The Guardian • Issue #2021

DINGO

  • The Guardian
  • Issue #2021

All the contradictions. The official unemployment figure is 3.4 per cent, according to the Australian Bureau of Statistics (ABS). Workers were told that once unemployment fell their wages would rise – this has not happened, with ABS data revealing that annual wage growth is only 2.6 per cent despite inflation being 6.1 per cent. Women continue to earn $471.30 per week less than men on average due to women-dominant industries being underpaid and heavily casualised. The participation rate has dropped by 0.4 per cent this month as thousands of people are forced out of the workforce. Workers now have the lowest share of GDP in recorded history as the gender pay gap flatlines. The Albanese government talked up bigger pay packets for workers in its election campaign, but there was no mention of the collective power of organised labour in getting wage rises. Whatever issues the Jobs and Skills Summit in Canberra next month throw up – whose participants include unions and employers – the outcome will turn on the issue of wages, and the action needed to increase them.

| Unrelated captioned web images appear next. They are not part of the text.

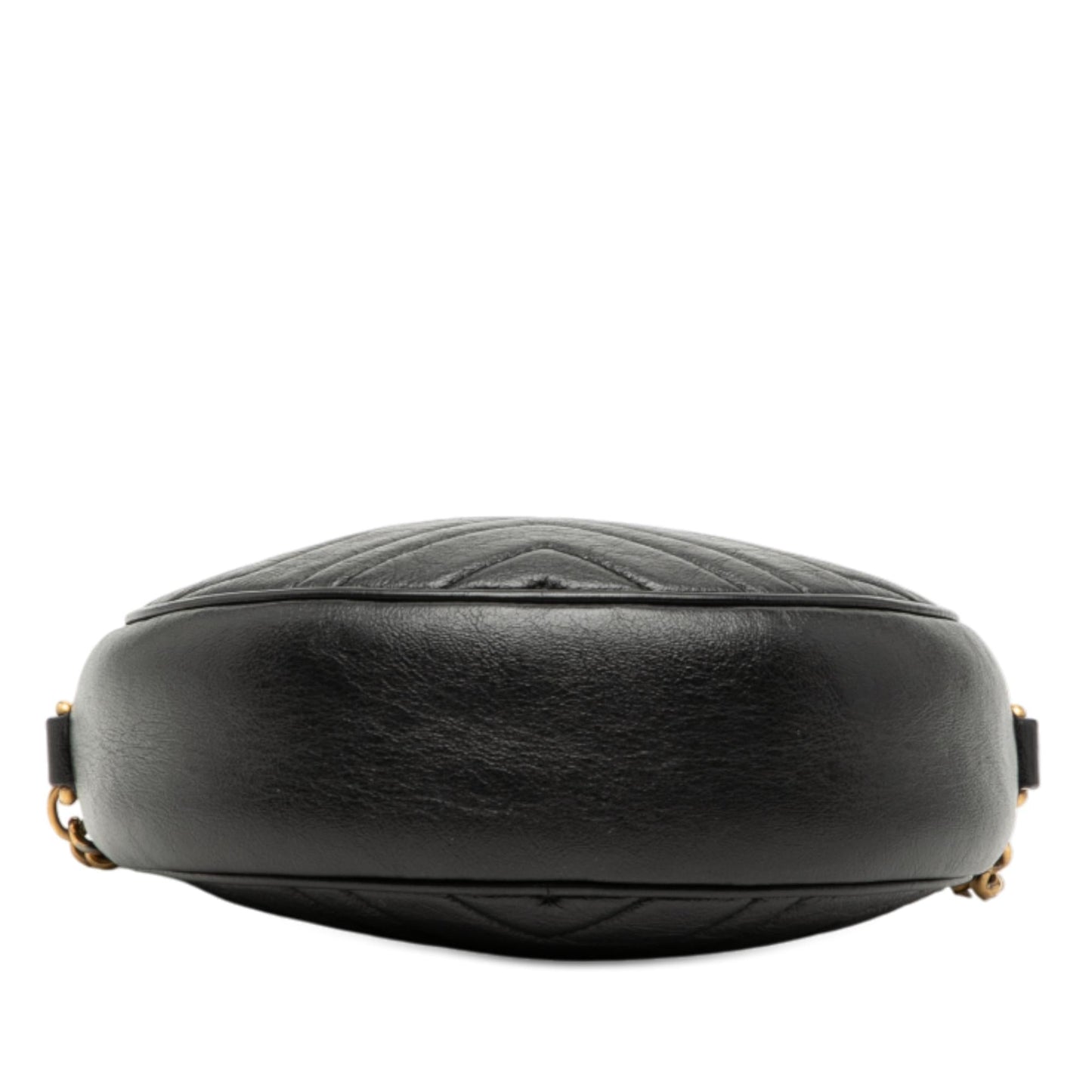 Gucci Mini GG Marmont Matelasse Leather Round Crossbody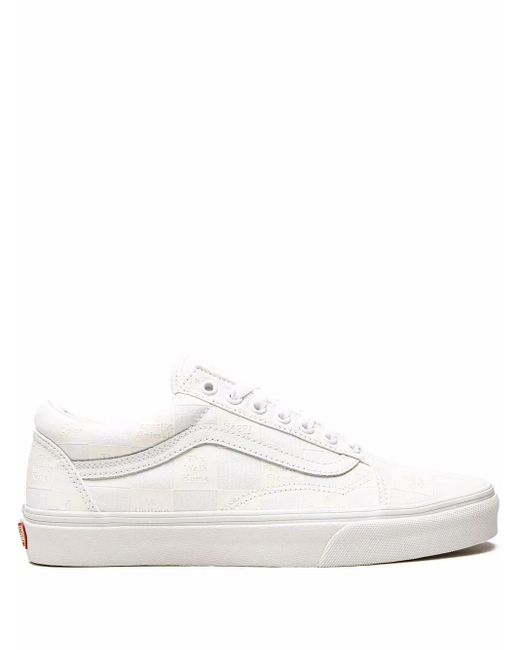 Vans White Old Skool "D.I.Y. Checkerboard" Sneakers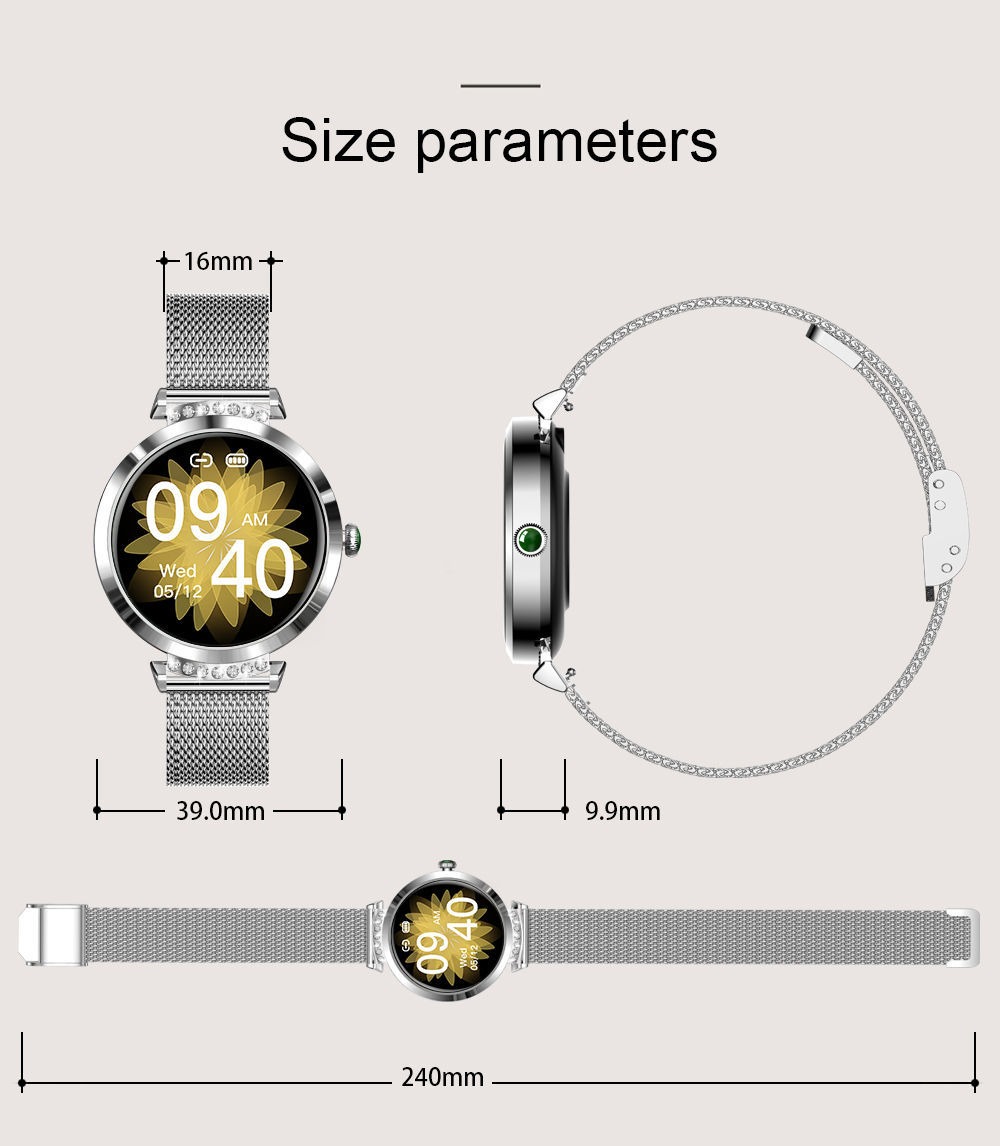 Smartwatch Para Mulheres Ladies Sports Fitness Trac - Imagem 5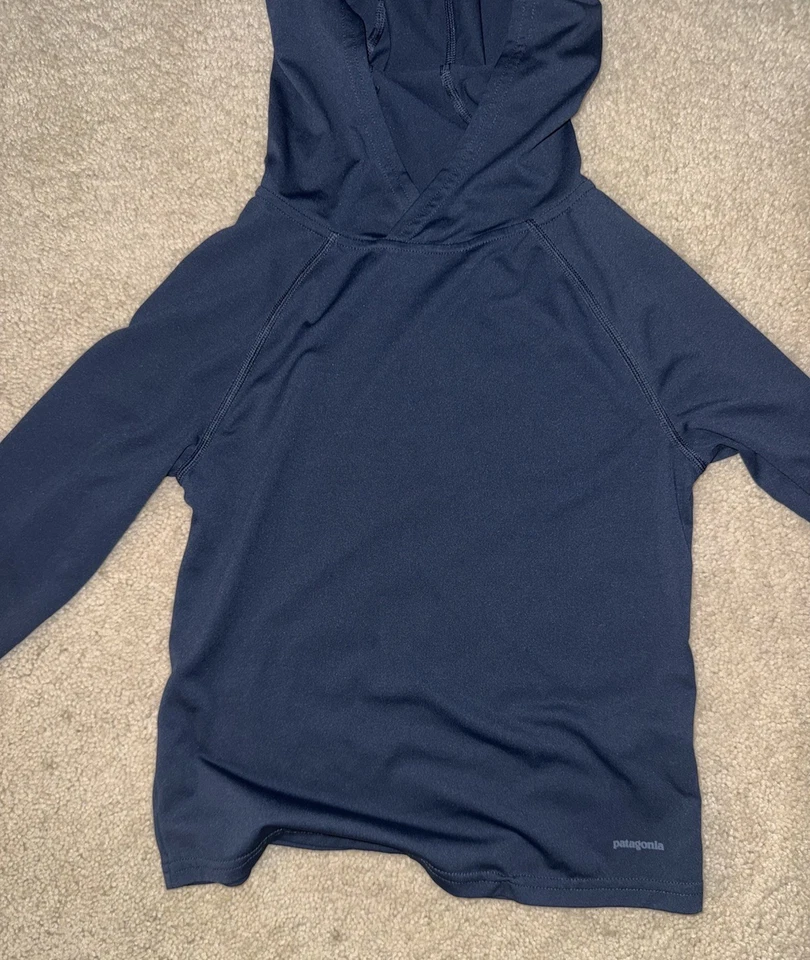 Patagonia Childs Hoodie Capilene Xs 5-6 Nice - Image 3 of 4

What goes around comes around. The last time there was this much noise about the Governor General he had sacked a Labor government in 1975. This time Her Majesty’s representative granted all-encompassing portfolio powers to Scott Morrison as casually as one scoops out an avocado. Soon there followed John Howard, chiding Morrison to try and take the heat off, “I don’t think he should have done it, I don’t think there was any need to do it, and I wouldn’t have done it.” Let us hark back to 2003 and Howard’s lie, with President George W Bush and British PM Tony Blair, about weapons of mass destruction in Iraq, the pretext for the invasion and occupation, death and destruction by the Coalition of the Willing that followed. All this was accompanied by the usual hand-wringing over the delicate flower of the Westminster system with its glorious history of colonialism, genocide, plunder, slavery and endless wars.

PARASITE OF THE WEEK: The ALP has supported the current abusive policies against asylum seekers from the beginning. The end of the Coalition government is very welcome, but the fight for refugee rights is far from over. The Albanese Labor government has committed to granting the 19,000 refugees on Temporary Protection Visas and SHEVs (Safe Haven Enterprise Visa) permanent visas. The Refugee Action Coalition says that after ten years separated from families, this needs to happen immediately, not months down the track. There are still 200 refugees stranded on Nauru and PNG. The Albanese government has washed its hands of those in PNG who are not eligible under the formal NZ resettlement deal but NZ has indicated it is willing to consider them separately. The fight for refugee rights is not over until the thousands of refugees whose lives the Coalition tore apart gain a secure future, and until the boat turnback and offshore detention policies designed to keep out refugees end for good.